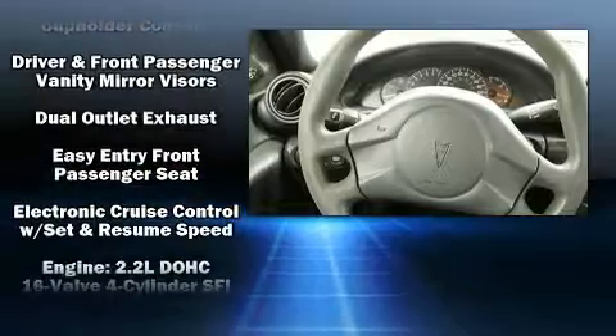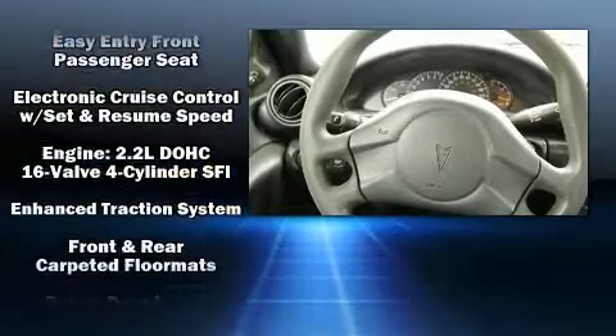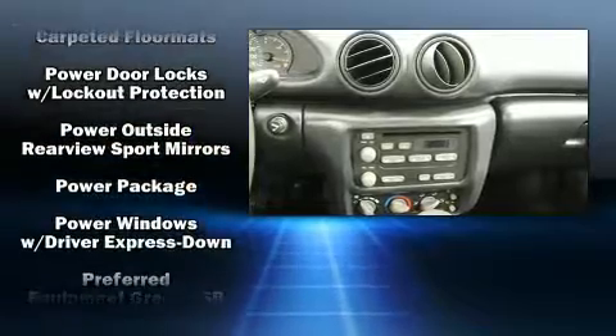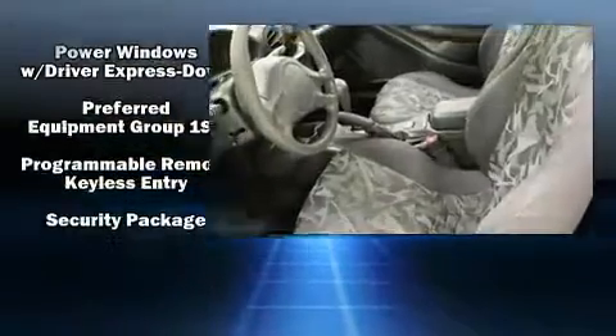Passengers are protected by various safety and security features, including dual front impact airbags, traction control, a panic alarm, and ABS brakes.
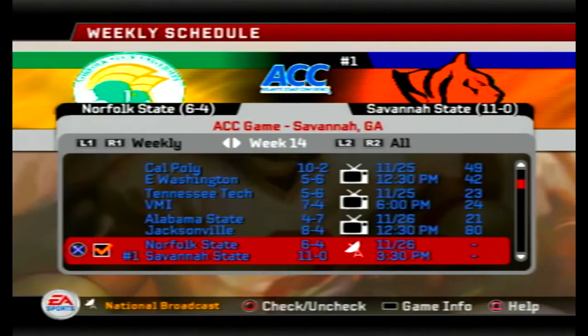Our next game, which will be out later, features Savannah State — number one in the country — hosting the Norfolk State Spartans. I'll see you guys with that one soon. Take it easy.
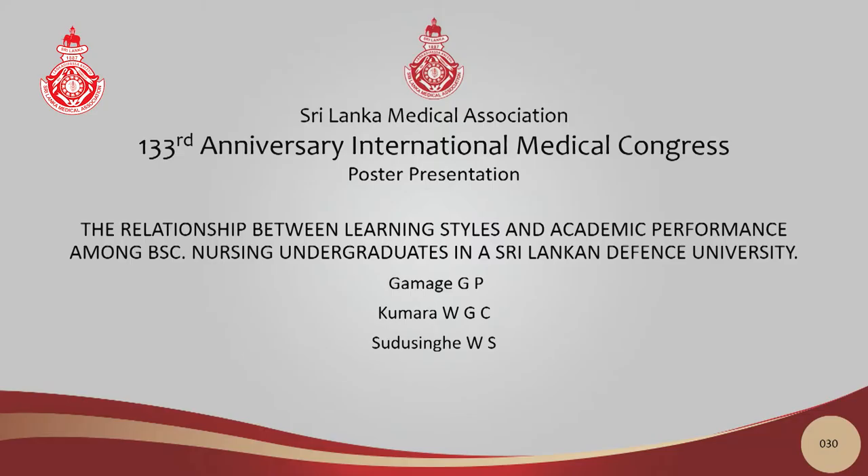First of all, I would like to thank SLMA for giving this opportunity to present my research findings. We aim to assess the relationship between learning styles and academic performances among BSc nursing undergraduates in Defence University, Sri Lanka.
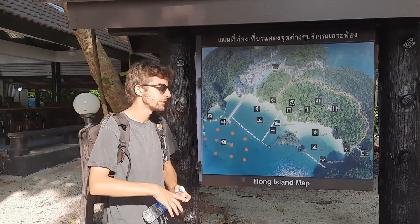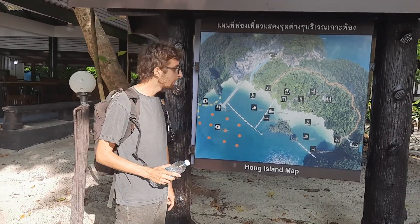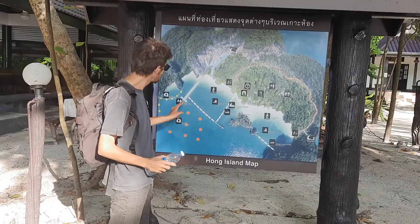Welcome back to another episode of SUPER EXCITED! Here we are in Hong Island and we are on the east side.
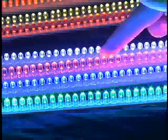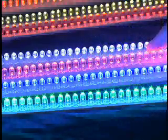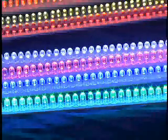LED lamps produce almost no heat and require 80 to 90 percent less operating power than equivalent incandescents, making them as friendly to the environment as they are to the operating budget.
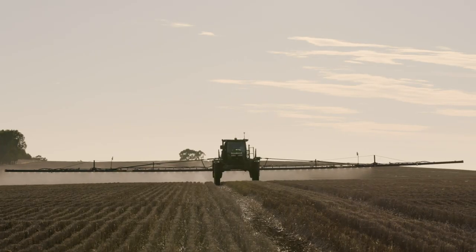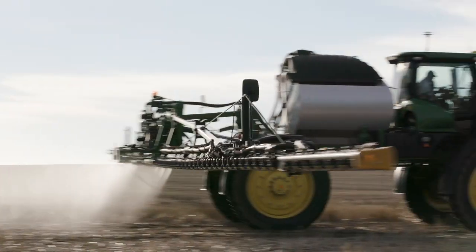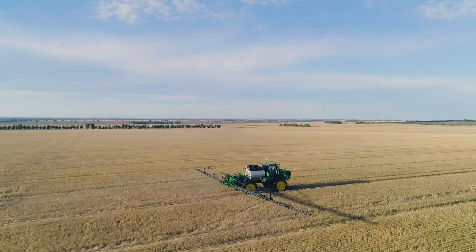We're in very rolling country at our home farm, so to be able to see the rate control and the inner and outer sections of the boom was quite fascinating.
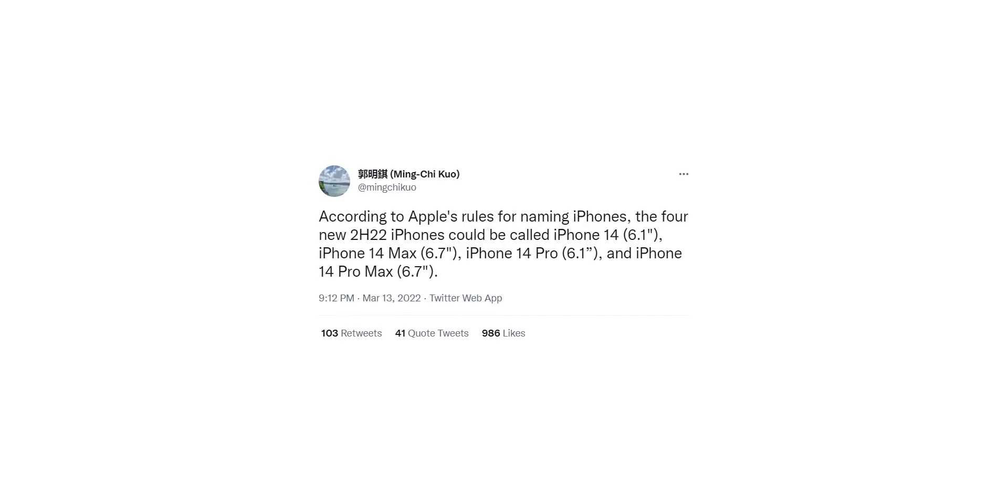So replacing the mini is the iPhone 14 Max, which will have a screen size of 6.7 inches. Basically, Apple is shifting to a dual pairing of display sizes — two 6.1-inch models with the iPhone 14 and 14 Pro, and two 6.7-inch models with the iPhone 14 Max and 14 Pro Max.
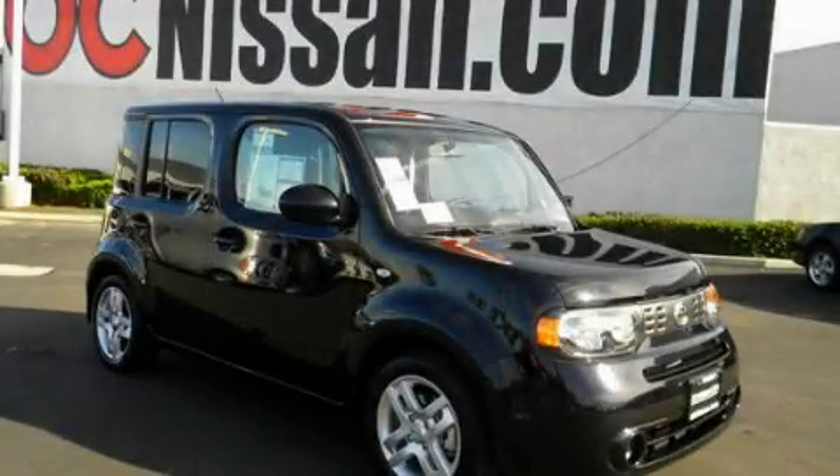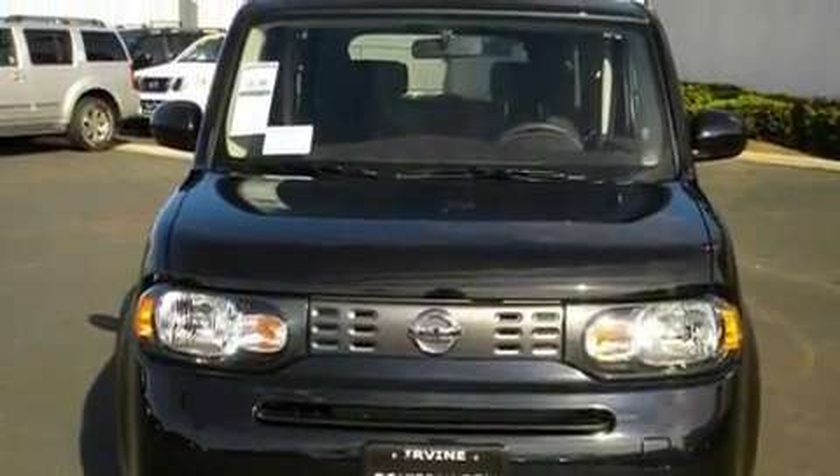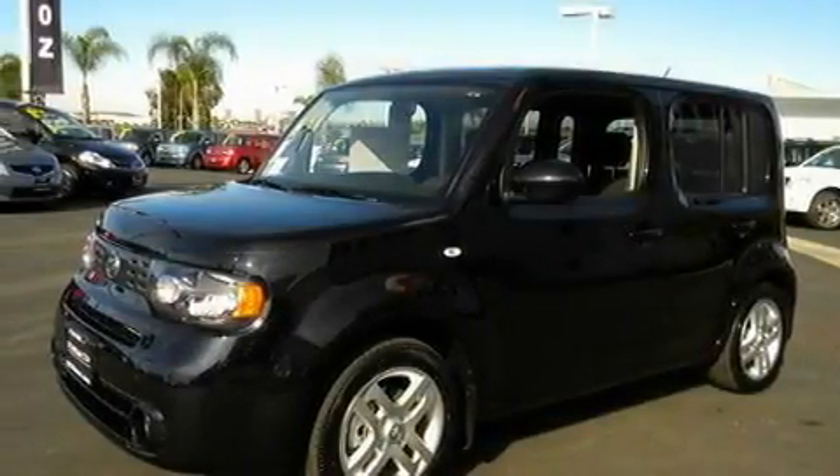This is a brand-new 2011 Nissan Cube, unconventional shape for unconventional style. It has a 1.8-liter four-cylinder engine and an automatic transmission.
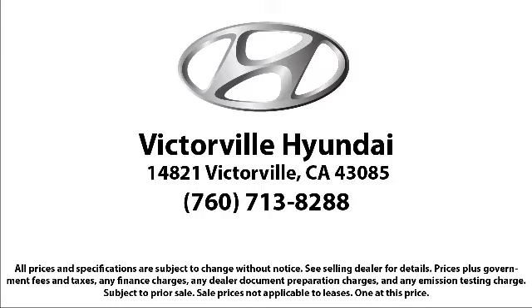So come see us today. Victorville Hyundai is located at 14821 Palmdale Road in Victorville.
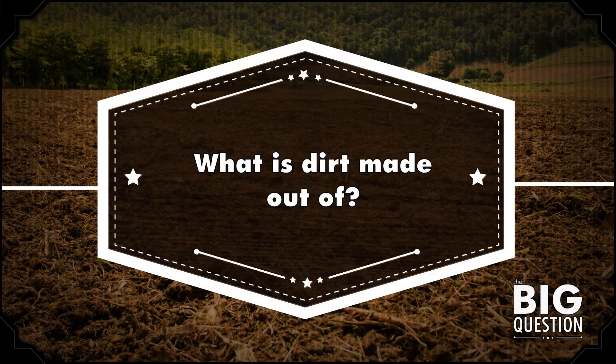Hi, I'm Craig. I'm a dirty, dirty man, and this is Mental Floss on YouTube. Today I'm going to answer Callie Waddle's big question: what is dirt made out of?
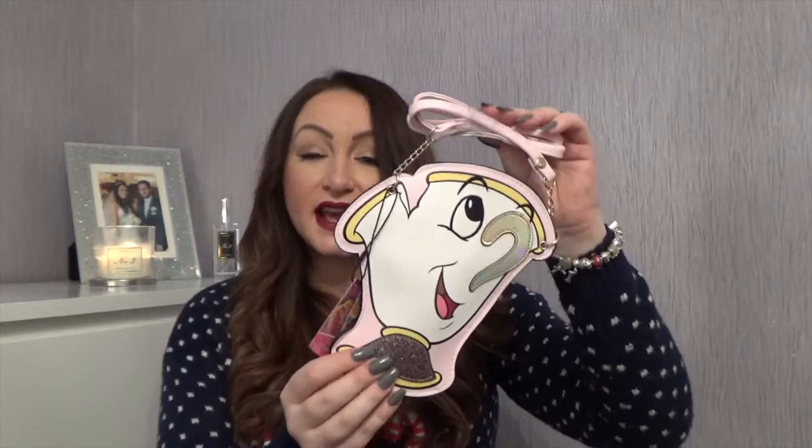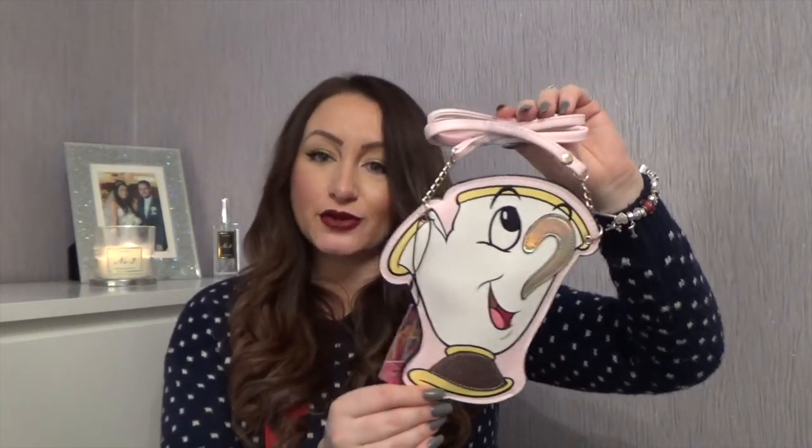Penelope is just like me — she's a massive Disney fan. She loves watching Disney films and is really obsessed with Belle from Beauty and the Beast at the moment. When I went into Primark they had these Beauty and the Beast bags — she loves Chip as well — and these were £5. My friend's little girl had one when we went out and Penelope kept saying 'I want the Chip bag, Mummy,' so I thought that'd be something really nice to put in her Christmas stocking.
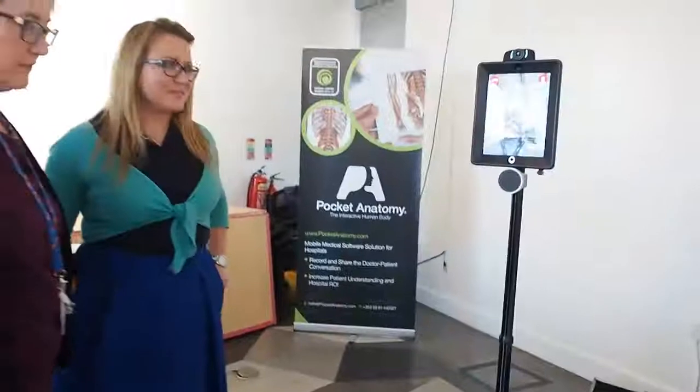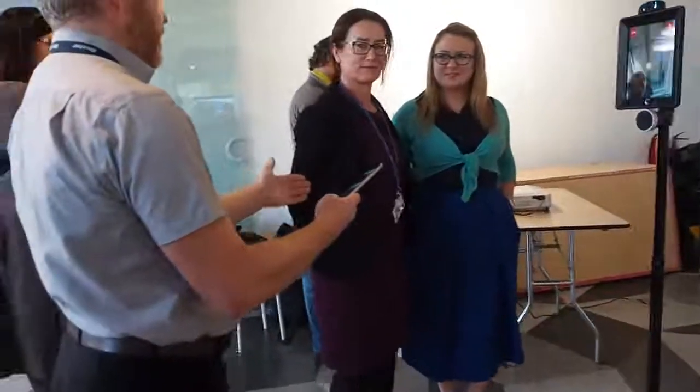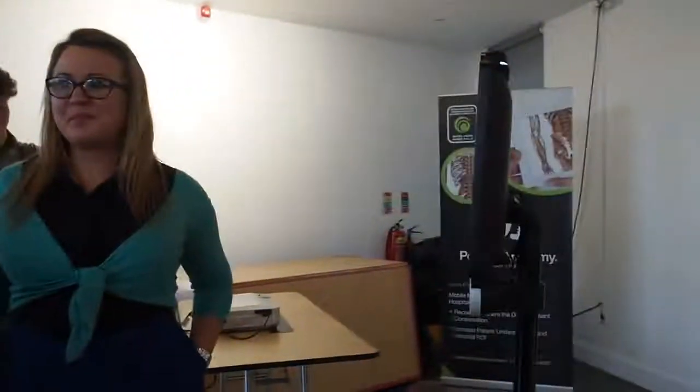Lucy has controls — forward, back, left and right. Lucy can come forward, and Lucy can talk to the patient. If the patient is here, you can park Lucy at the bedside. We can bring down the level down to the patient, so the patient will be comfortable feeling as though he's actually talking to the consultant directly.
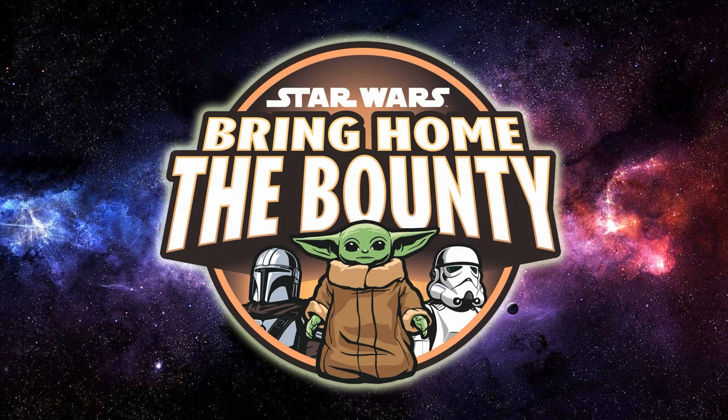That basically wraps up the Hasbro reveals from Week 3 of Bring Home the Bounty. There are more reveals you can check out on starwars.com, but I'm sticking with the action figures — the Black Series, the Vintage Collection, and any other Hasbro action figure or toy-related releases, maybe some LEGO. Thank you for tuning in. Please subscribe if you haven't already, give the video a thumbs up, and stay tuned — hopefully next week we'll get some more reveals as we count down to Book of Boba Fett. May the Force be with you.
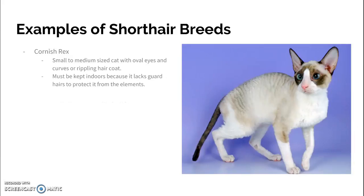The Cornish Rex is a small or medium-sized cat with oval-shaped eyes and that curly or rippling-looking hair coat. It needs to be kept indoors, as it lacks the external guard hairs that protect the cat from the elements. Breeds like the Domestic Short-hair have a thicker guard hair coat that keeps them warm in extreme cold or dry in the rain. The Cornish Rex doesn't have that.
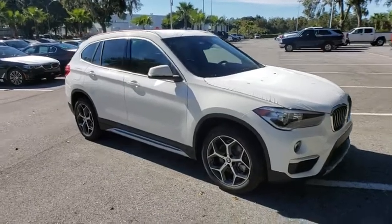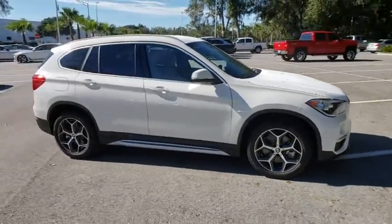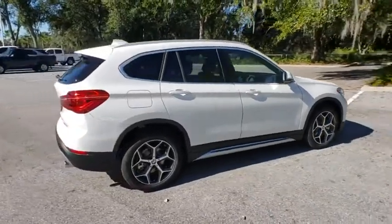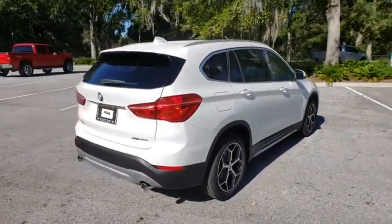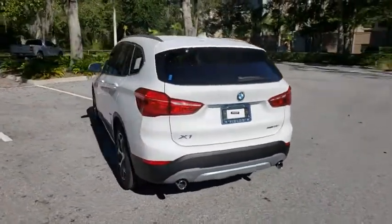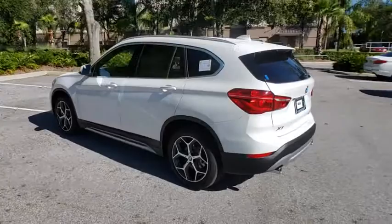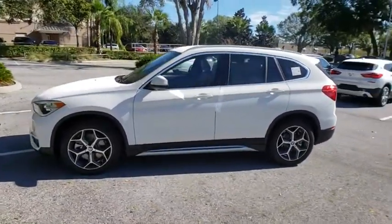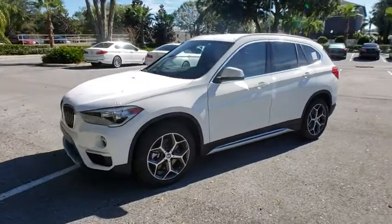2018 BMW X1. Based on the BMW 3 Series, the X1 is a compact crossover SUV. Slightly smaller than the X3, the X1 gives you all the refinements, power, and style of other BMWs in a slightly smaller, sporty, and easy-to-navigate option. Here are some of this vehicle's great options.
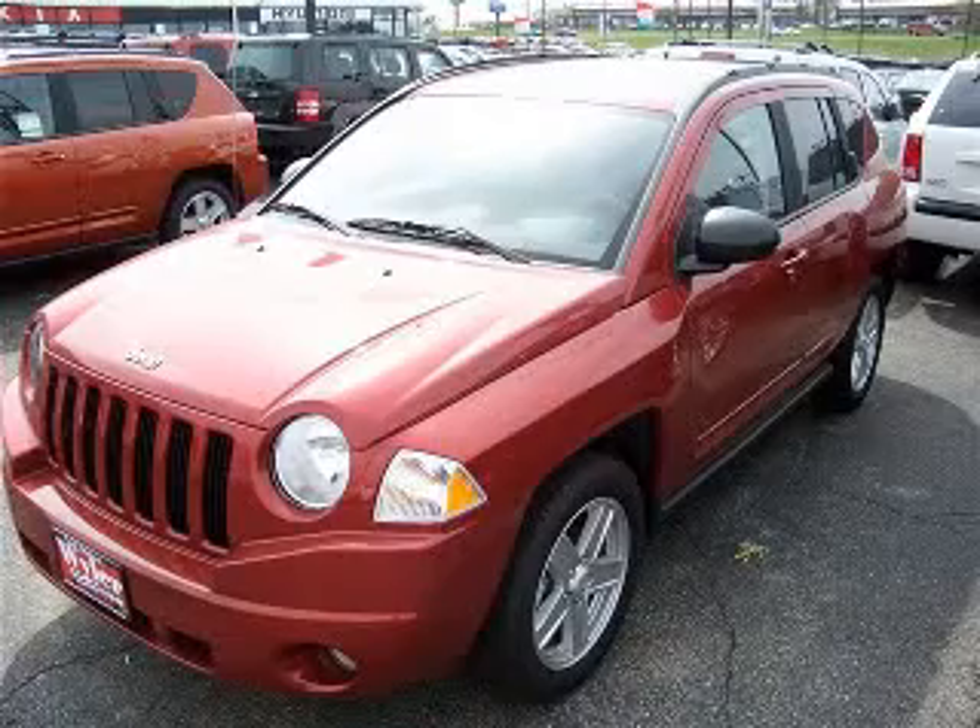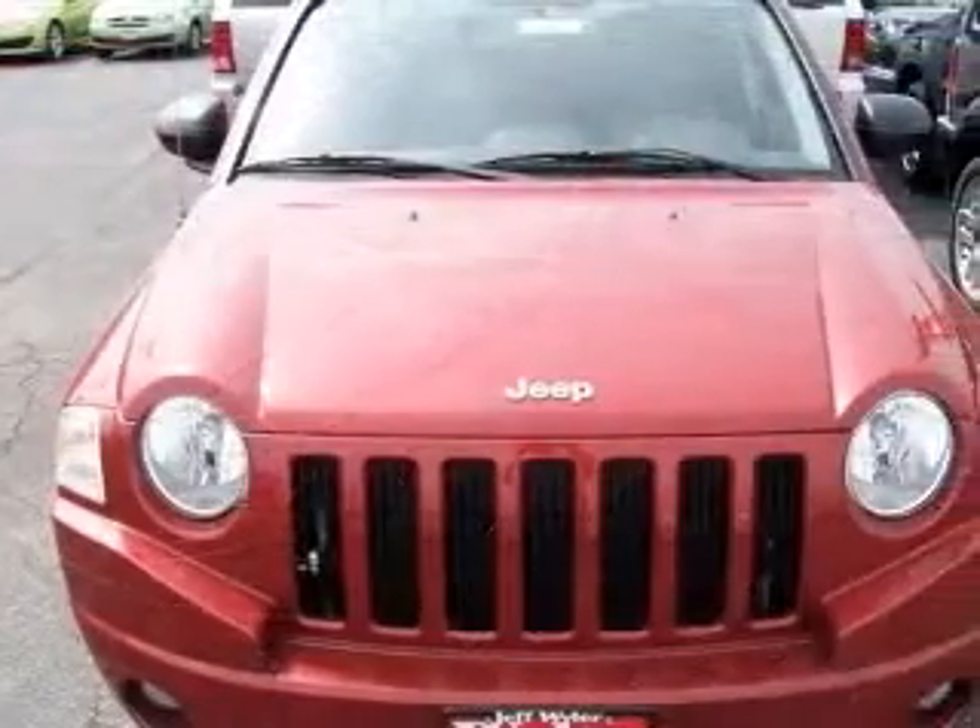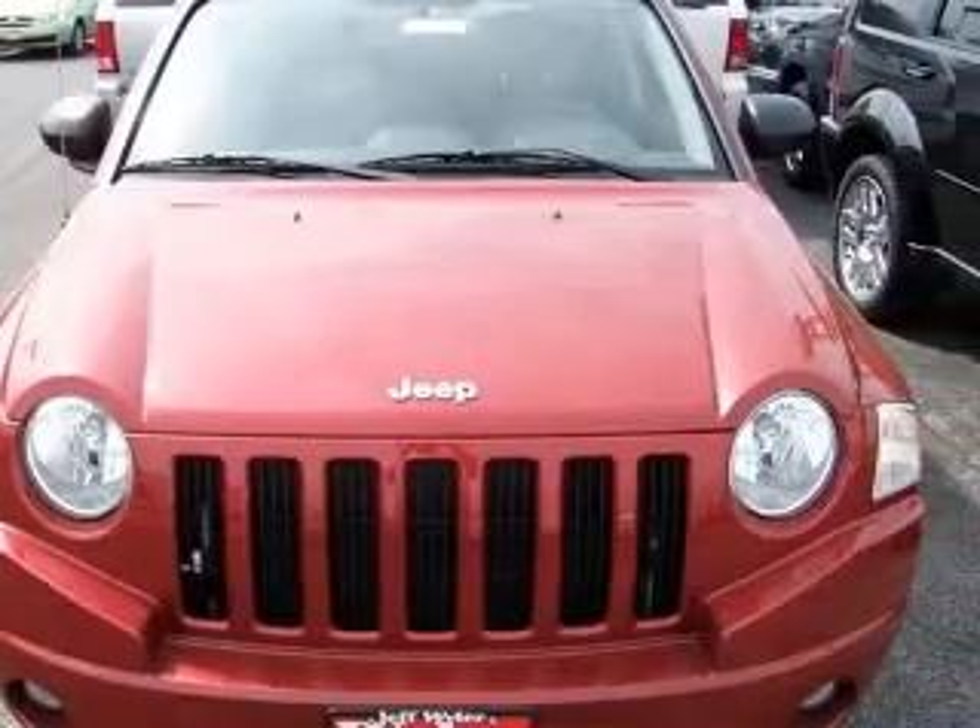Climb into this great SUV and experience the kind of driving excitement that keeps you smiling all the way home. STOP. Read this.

——

• Your goal
Set down the material once more, exactly, with the pictures omitted.

• Exercise answer
Passengers are protected by various safety and security features, including dual front impact airbags, traction control, a panic alarm, and ABS brakes.
Our next game, which will be out later, features Savannah State — number one in the country — hosting the Norfolk State Spartans. I'll see you guys with that one soon. Take it easy.
First of all, I would like to thank SLMA for giving this opportunity to present my research findings. We aim to assess the relationship between learning styles and academic performances among BSc nursing undergraduates in Defence University, Sri Lanka.
Welcome back to another episode of SUPER EXCITED! Here we are in Hong Island and we are on the east side.
LED lamps produce almost no heat and require 80 to 90 percent less operating power than equivalent incandescents, making them as friendly to the environment as they are to the operating budget.
We're in very rolling country at our home farm, so to be able to see the rate control and the inner and outer sections of the boom was quite fascinating.
So replacing the mini is the iPhone 14 Max, which will have a screen size of 6.7 inches. Basically, Apple is shifting to a dual pairing of display sizes — two 6.1-inch models with the iPhone 14 and 14 Pro, and two 6.7-inch models with the iPhone 14 Max and 14 Pro Max.
This is a brand-new 2011 Nissan Cube, unconventional shape for unconventional style. It has a 1.8-liter four-cylinder engine and an automatic transmission.
So come see us today. Victorville Hyundai is located at 14821 Palmdale Road in Victorville.
Hi, I'm Craig. I'm a dirty, dirty man, and this is Mental Floss on YouTube. Today I'm going to answer Callie Waddle's big question: what is dirt made out of?
Penelope is just like me — she's a massive Disney fan. She loves watching Disney films and is really obsessed with Belle from Beauty and the Beast at the moment. When I went into Primark they had these Beauty and the Beast bags — she loves Chip as well — and these were £5. My friend's little girl had one when we went out and Penelope kept saying 'I want the Chip bag, Mummy,' so I thought that'd be something really nice to put in her Christmas stocking.
Lucy has controls — forward, back, left and right. Lucy can come forward, and Lucy can talk to the patient. If the patient is here, you can park Lucy at the bedside. We can bring down the level down to the patient, so the patient will be comfortable feeling as though he's actually talking to the consultant directly.
That basically wraps up the Hasbro reveals from Week 3 of Bring Home the Bounty. There are more reveals you can check out on starwars.com, but I'm sticking with the action figures — the Black Series, the Vintage Collection, and any other Hasbro action figure or toy-related releases, maybe some LEGO. Thank you for tuning in. Please subscribe if you haven't already, give the video a thumbs up, and stay tuned — hopefully next week we'll get some more reveals as we count down to Book of Boba Fett. May the Force be with you.
The Cornish Rex is a small or medium-sized cat with oval-shaped eyes and that curly or rippling-looking hair coat. It needs to be kept indoors, as it lacks the external guard hairs that protect the cat from the elements. Breeds like the Domestic Short-hair have a thicker guard hair coat that keeps them warm in extreme cold or dry in the rain. The Cornish Rex doesn't have that.
2018 BMW X1. Based on the BMW 3 Series, the X1 is a compact crossover SUV. Slightly smaller than the X3, the X1 gives you all the refinements, power, and style of other BMWs in a slightly smaller, sporty, and easy-to-navigate option. Here are some of this vehicle's great options.
Climb into this great SUV and experience the kind of driving excitement that keeps you smiling all the way home. STOP. Read this.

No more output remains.